I have absolutely checked the X_train images to see if I am sending blank images by mistake. But no. I'm sending proper data only.

The problem is

when I tried to test the model, it is giving a blank image.

img = cv2.imread('./test/a184.jpg')
img = cv2.cvtColor(img,cv2.COLOR_BGR2GRAY)
resized = cv2.resize(img, (224,224), interpolation = cv2.INTER_AREA)
resized = resized/255
resized = resized[:, :, np.newaxis]
resized = resized[np.newaxis, :, :] 

now resized is of shape (1,224,224,1)

image = ae_model.predict(resized)
image = image.reshape((224,224))

plt.imshow(image, cmap= 'gray')

gives me this image:
enter image description here but the values in image variable are all 1s.

I'm using tf.Keras.

Please help me with this.
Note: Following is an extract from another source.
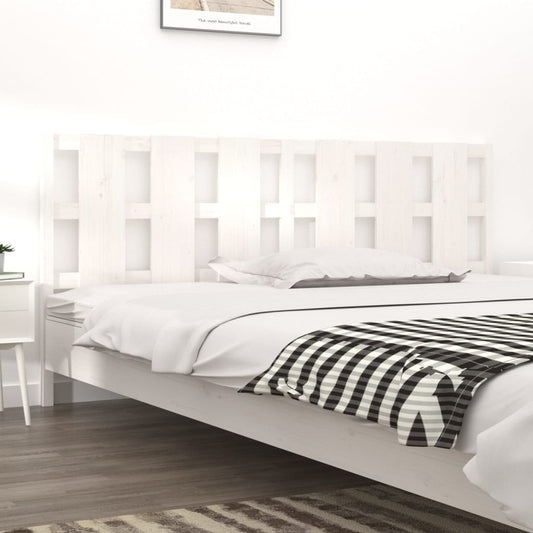 Berkfield Bed Headboard White 205.5x4x100 cm Solid Wood Pine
Unable to locate where the problem is and how to debug to find it.


Solution

  • The black image comes from the way you are activating your last conv layer.
    Here you want to predict, for each pixel, a value between 0 and 1, so you need a Sigmoid activation, not a Softmax one.

    Try with this instead :

    ae_output = Conv2D(num_classes, kernel_size=1, strides = (1,1), activation="sigmoid")(conv_9_1_do)